La montagne pour tous, vraiment
Ce concept d’ustratie (c’est à dire une utopie sans classes sociales) était pourtant fondamental dans le Plan Neige des années 70/80, car c’était l’œuvre de politiques très marqués par les idées sociales de l’après-guerre, issues du Conseil National de la Résistance. Le Plan aurait pu réserver la montagne à une élite fortunée, comme au début du XXème siècle, mais le choix qui a été fait en haut lieu, c’était de développer le tourisme pour le plus grand nombre, dans la lignée de ce qui avait commencé avant-guerre avec les congés payés. C’est un choix politique fort, cohérent avec l’Egalité, entendue au sens d’équité, si chère aux Français et qui a guidé l’organisation de la France depuis le début du siècle, et surtout après la Guerre. Et ce n’est pas le moindre des paradoxes qu’il ait été essentiellement porté en montagne par des politiques de droite… La disparition du skieur populaire n’est qu’une version de la ségrégation sociale à l’œuvre notamment dans les zone touristiques les plus prisées : là aussi, le Marché dicte sa loi de l’offre et de la demande…
Dans un prochain article, je vous montrerai comment ces utopies ont été mises en forme dans l’urbanisme des stations de sports d’hiver, donnant l’occasion aux architectes d’expérimenter certains de leurs phantasmes les plus fous !
Je me dois de rendre hommage ici à Nelly Robinet, philosophe, qui m’a initié à cette notion d’utopie. J’ai eu la chance de participer à un séminaire sur les utopies, intitulé « La Cité Idéale » qu’elle a tenu en 1994, dans le cadre de la préfiguration de la technopole de Nantes.

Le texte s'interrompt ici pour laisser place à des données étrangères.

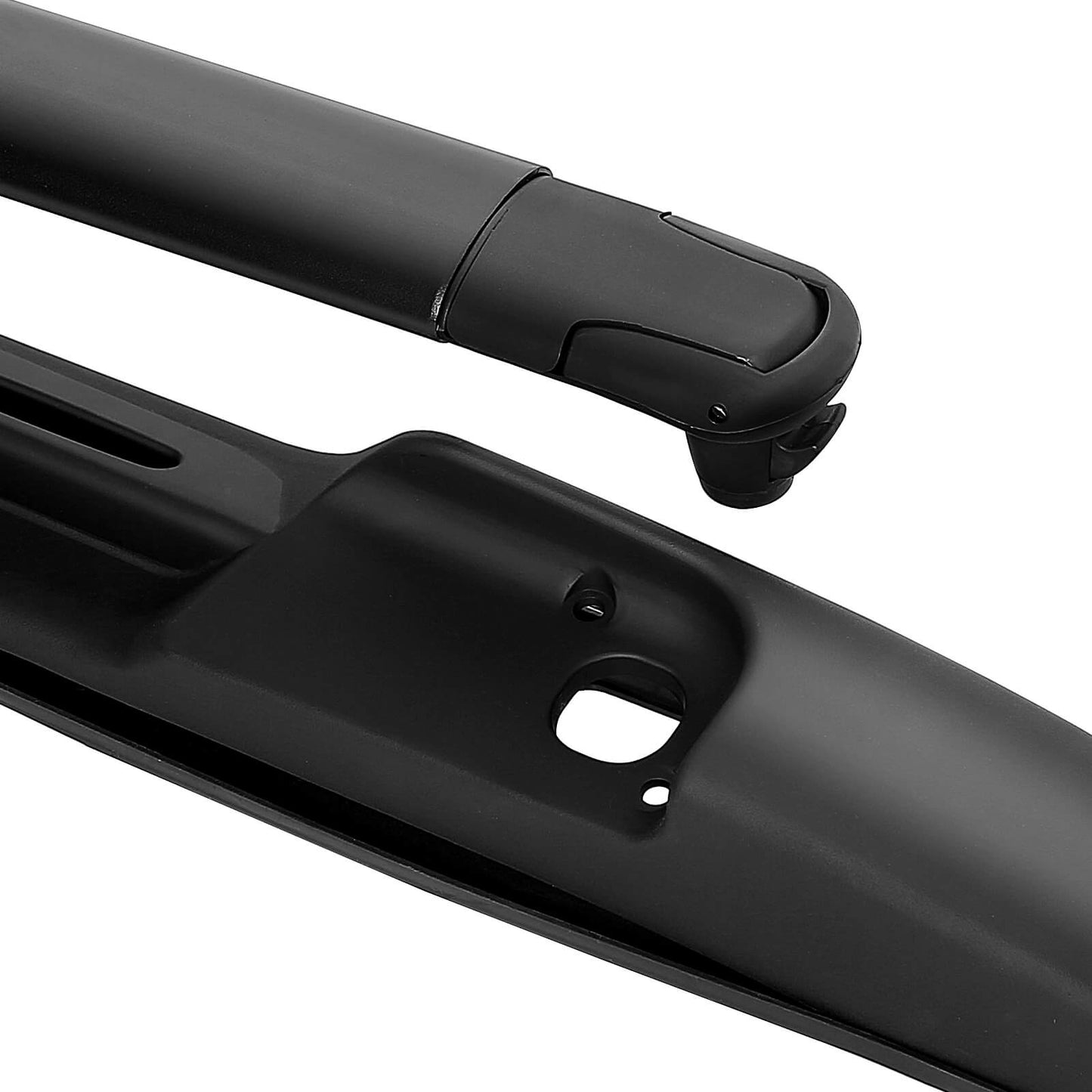 Roof Rack Side Rails Kit for 2005-2017 Toyota Tacoma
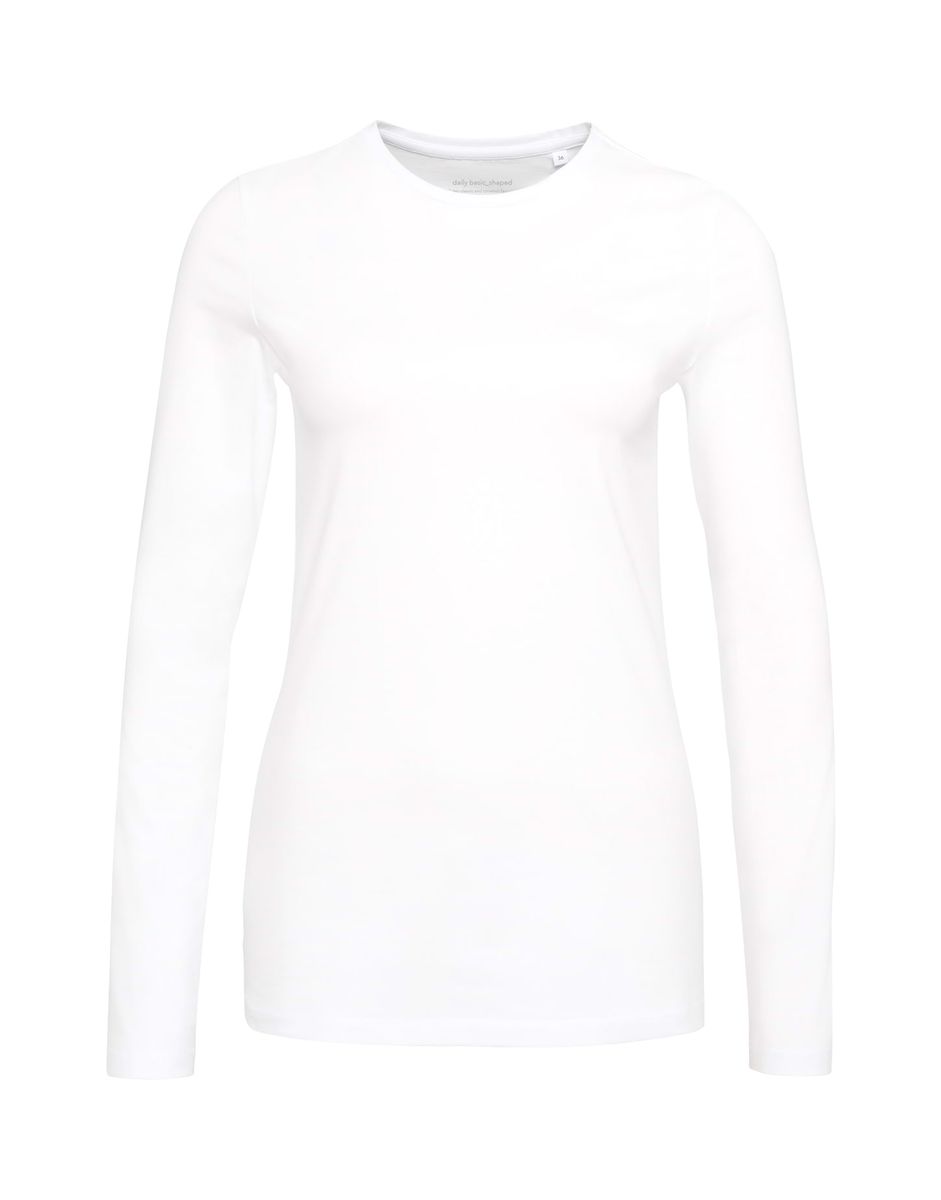 Langarmshirt Damen OPUS Smilla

Intrigué par le sujet, je me suis rendu à la première conférence de présentation et j’ai tellement accroché que j’ai suivi les douze autres. A l’époque, l’utopie était un genre dévalorisé, le terme lui-même avait acquis une forte connotation négative, dans une époque très matérialiste. Le séminaire se tenait à Sup de Co Nantes, ce qui n’était pas le moindre des paradoxes ! Nous avons commencé en amphi et fini à trois…
Comme souvent, j’étais bien loin de me douter de ce que ma curiosité m’avait fait chercher dans ce séminaire et ce n’est que bien plus tard que j’ai réalisé que le fondement de l’utopie (l’improbable alliance des contraires) est essentiel pour moi.